Items from a dataset:

____________

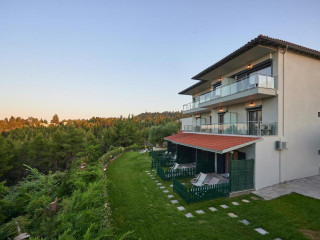 Mirabilia Boutique Hotel
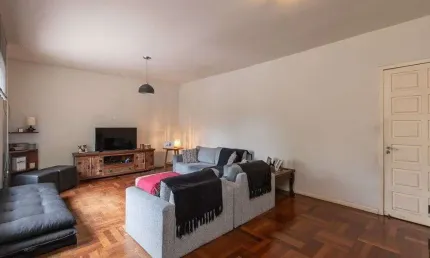 Casa com 3 quartos à venda na Avenida General Barreto Viana, --, Chácara das Pedras, Porto Alegre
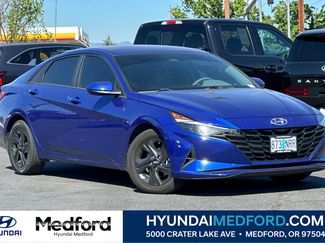 Used 2022 Hyundai Elantra SEL FWD video 1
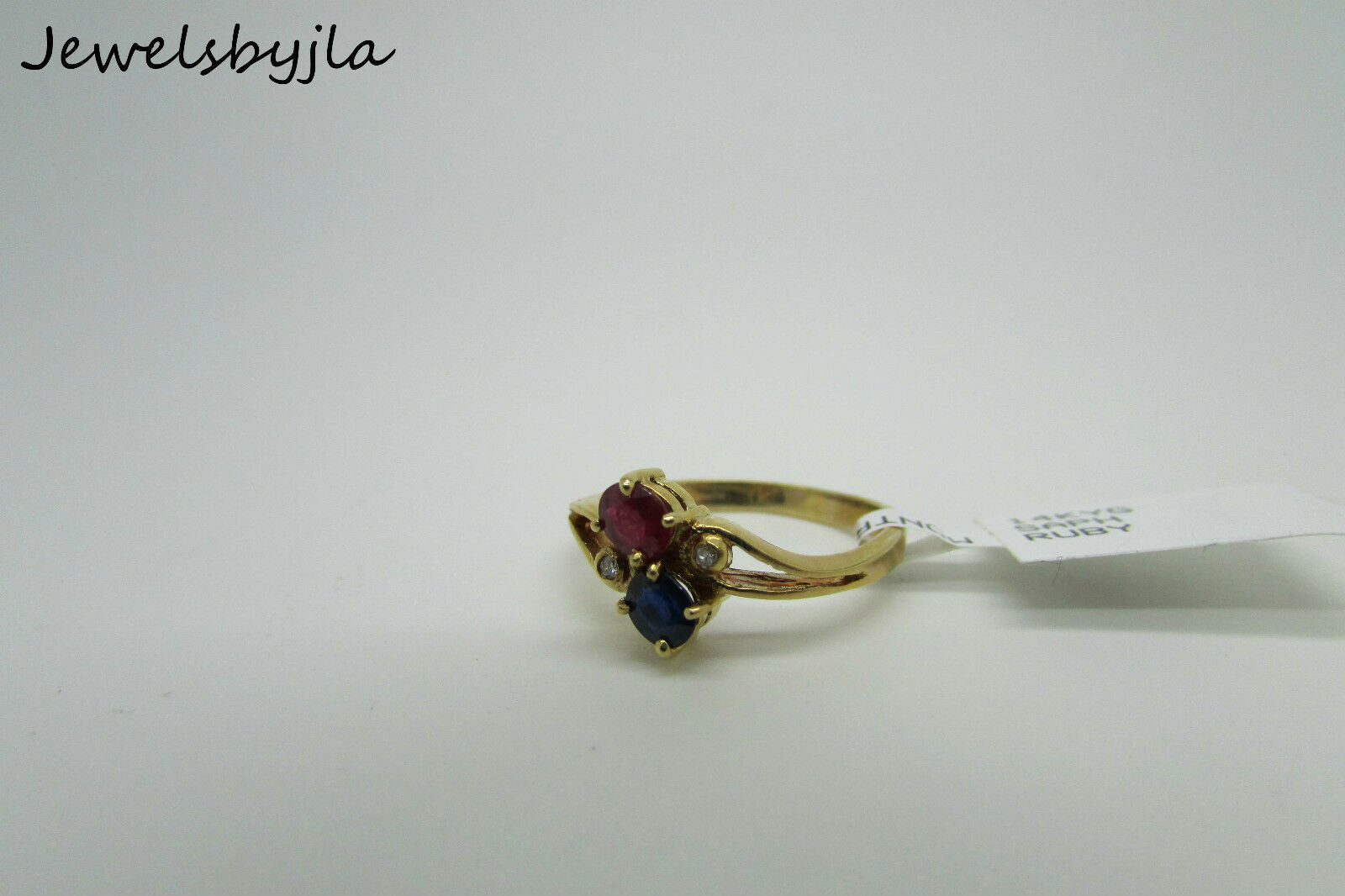 14K Yellow Gold Ladies Pretty Ring With Sapphire Diamond Ruby Stones 2.5 Grams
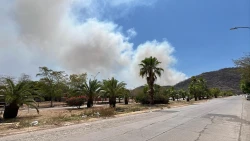 Se mantiene activo incendio en el Basurón Municipal de Mazatlán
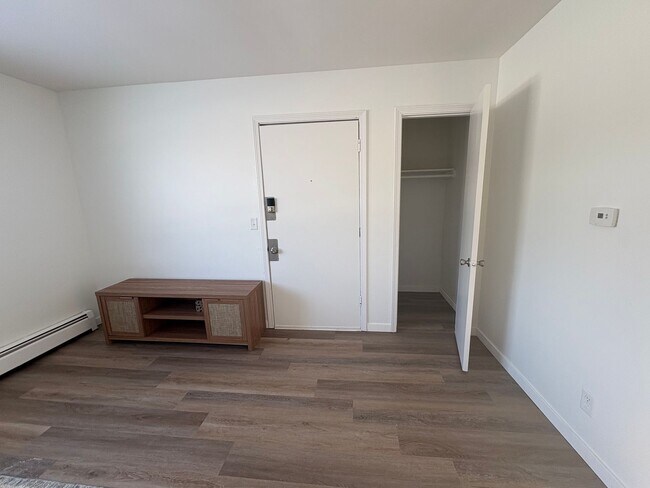 Interior Photo - Bram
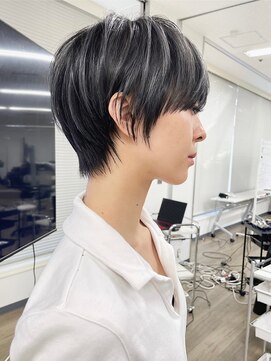 ネイロ バイ ジルブラン 葛西(NeiRo by JIL BLAN) ハイライト白髪ぼかしダブルカラーインナーカラーショートボブ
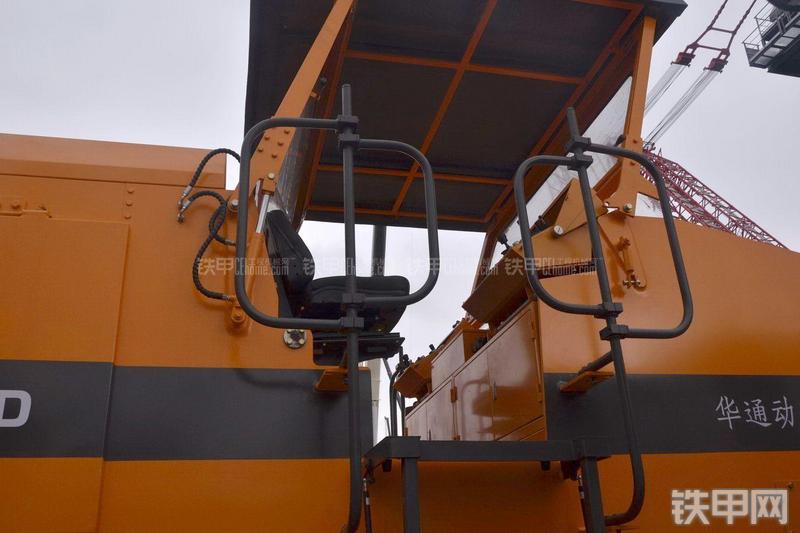 华通动力HM2100A铣刨机局部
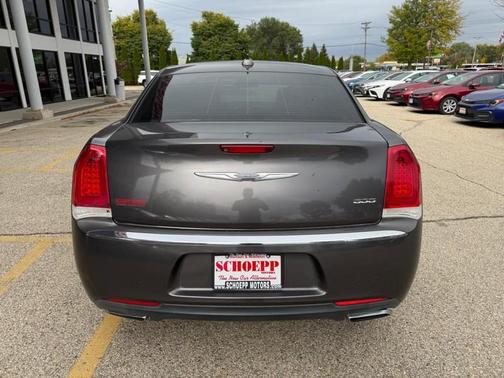 2016 Chrysler 300 Limited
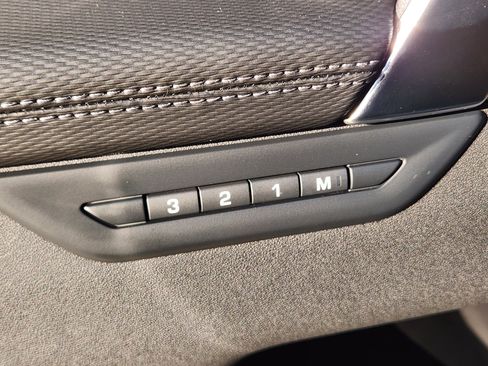 New 2025 Land Rover Discovery Sport Dynamic SE image 22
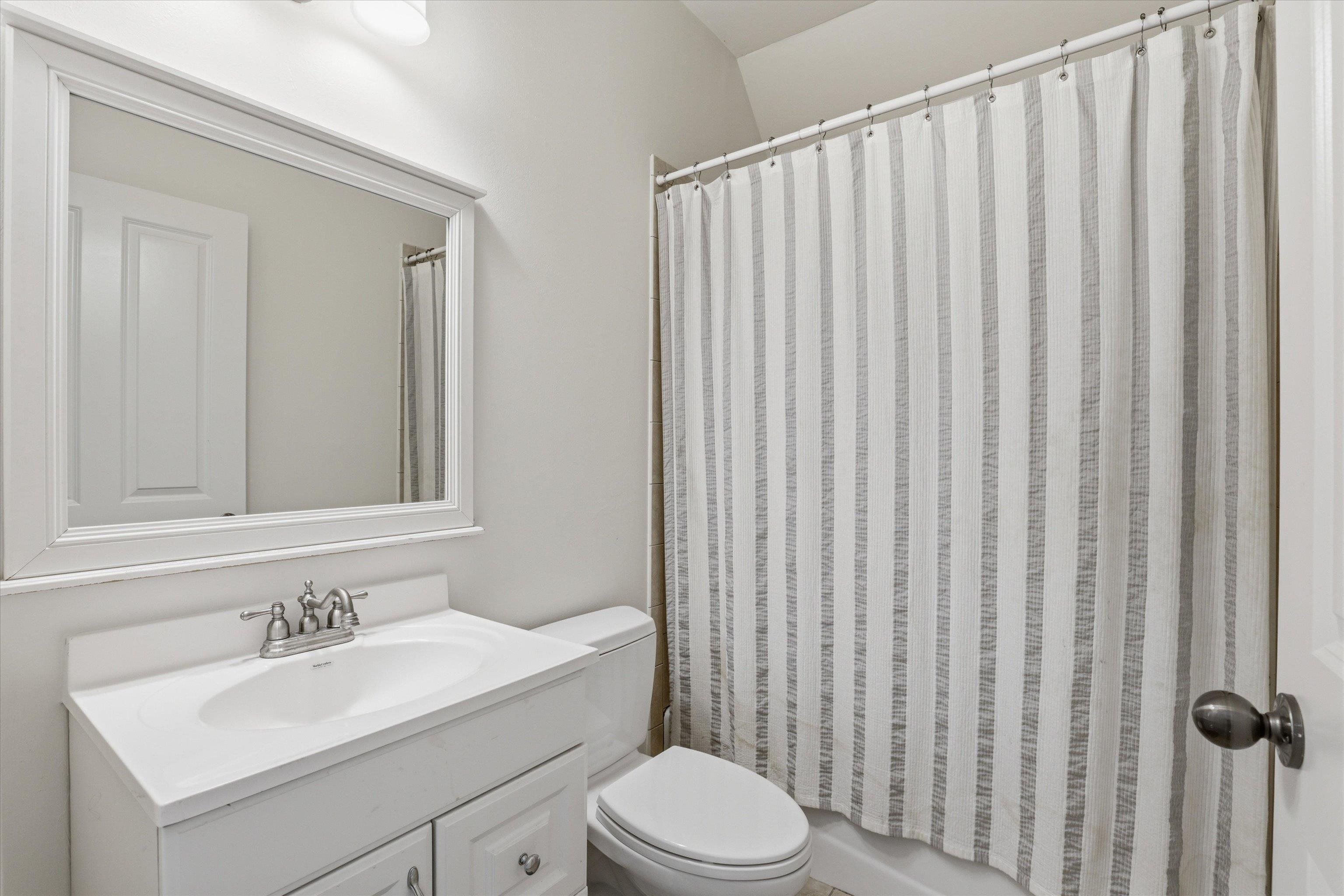 5992 Hardy Croom Court
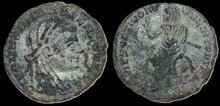 Divus Claudius II Gothicus. Died AD 270. Æ Fractional Follis 15mm, 1.43 g. Thessalonica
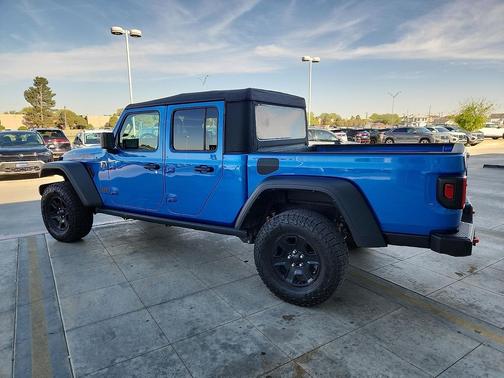 Hydro Blue Pearlcoat 2023 Jeep Gladiator Mojave 4x4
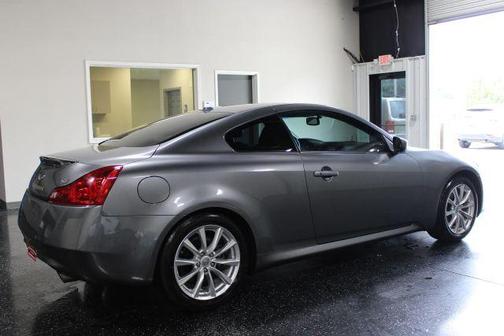 Graphite Shadow 2011 INFINITI G37 Journey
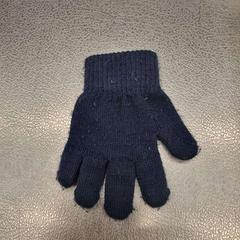 Glove, as reported by IKEA Haparanda using iLost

____________

→ **Exercise requirements**: For this task, give again exactly the lines from the line with "New 2025 Land" through the end of the entries, including both ends, and omit the pictures.

→ **Finished task**:
 New 2025 Land Rover Discovery Sport Dynamic SE image 22
 5992 Hardy Croom Court
 Divus Claudius II Gothicus. Died AD 270. Æ Fractional Follis 15mm, 1.43 g. Thessalonica
 Hydro Blue Pearlcoat 2023 Jeep Gladiator Mojave 4x4
 Graphite Shadow 2011 INFINITI G37 Journey
 Glove, as reported by IKEA Haparanda using iLost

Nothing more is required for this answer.